● ENTRIES PROVIDED:
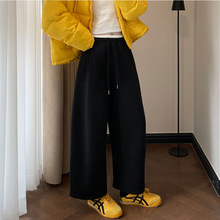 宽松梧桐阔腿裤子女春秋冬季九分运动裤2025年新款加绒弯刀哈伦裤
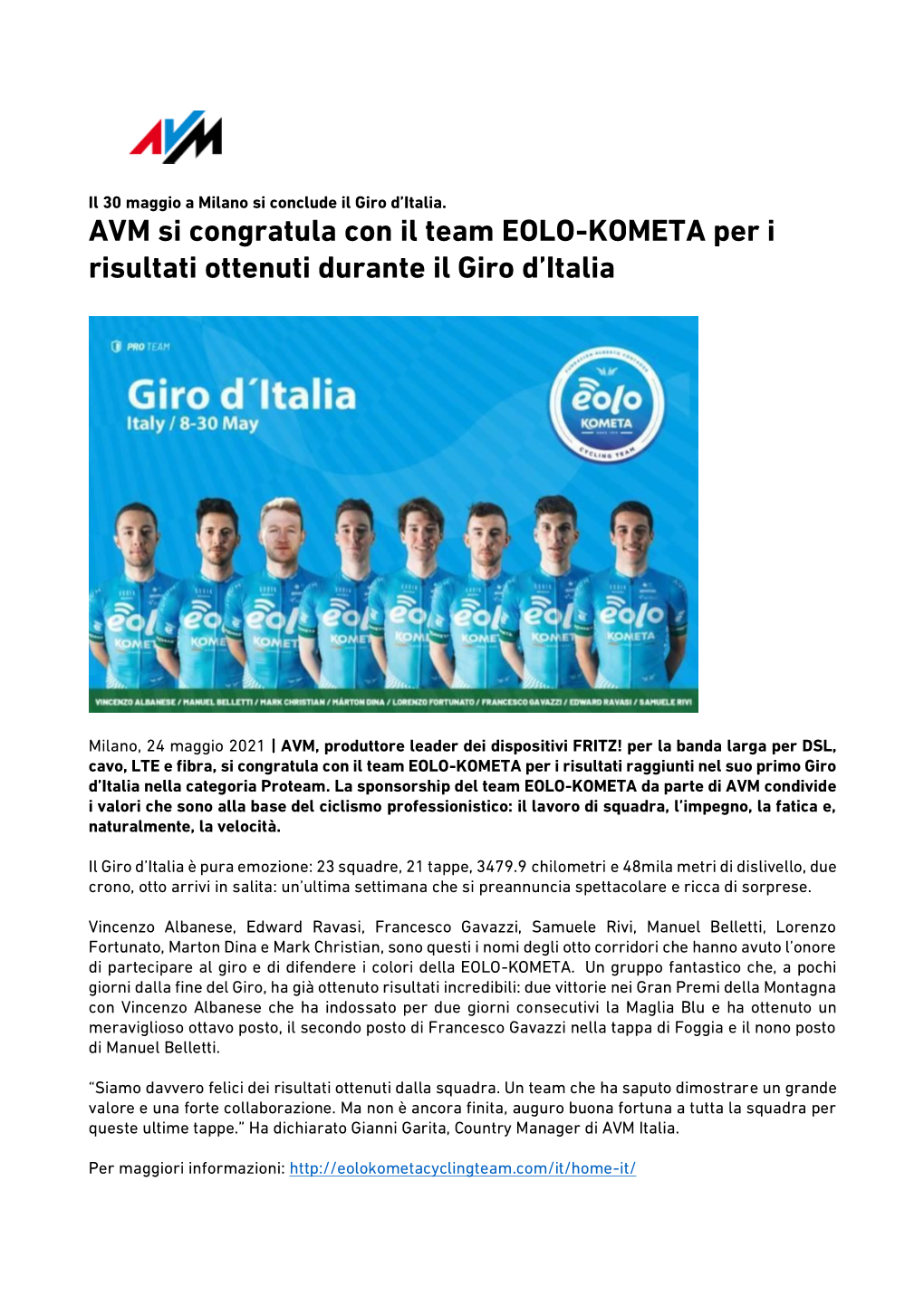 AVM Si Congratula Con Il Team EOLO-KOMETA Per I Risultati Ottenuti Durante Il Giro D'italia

--

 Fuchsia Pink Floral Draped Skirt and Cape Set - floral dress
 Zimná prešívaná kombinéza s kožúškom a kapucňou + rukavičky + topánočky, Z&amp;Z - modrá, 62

==

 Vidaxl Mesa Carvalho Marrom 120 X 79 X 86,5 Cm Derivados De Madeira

● ACTIVITY:
Only the lines of the listing above from the one with "宽松梧桐阔腿裤子女春秋冬季九分运动裤2025年新款加绒弯刀哈伦裤" through the one with "AVM Si Congratula" should be output, exactly, with both ends kept and pictures left out.

● WRITTEN SOLUTION:
 宽松梧桐阔腿裤子女春秋冬季九分运动裤2025年新款加绒弯刀哈伦裤
 AVM Si Congratula Con Il Team EOLO-KOMETA Per I Risultati Ottenuti Durante Il Giro D'italia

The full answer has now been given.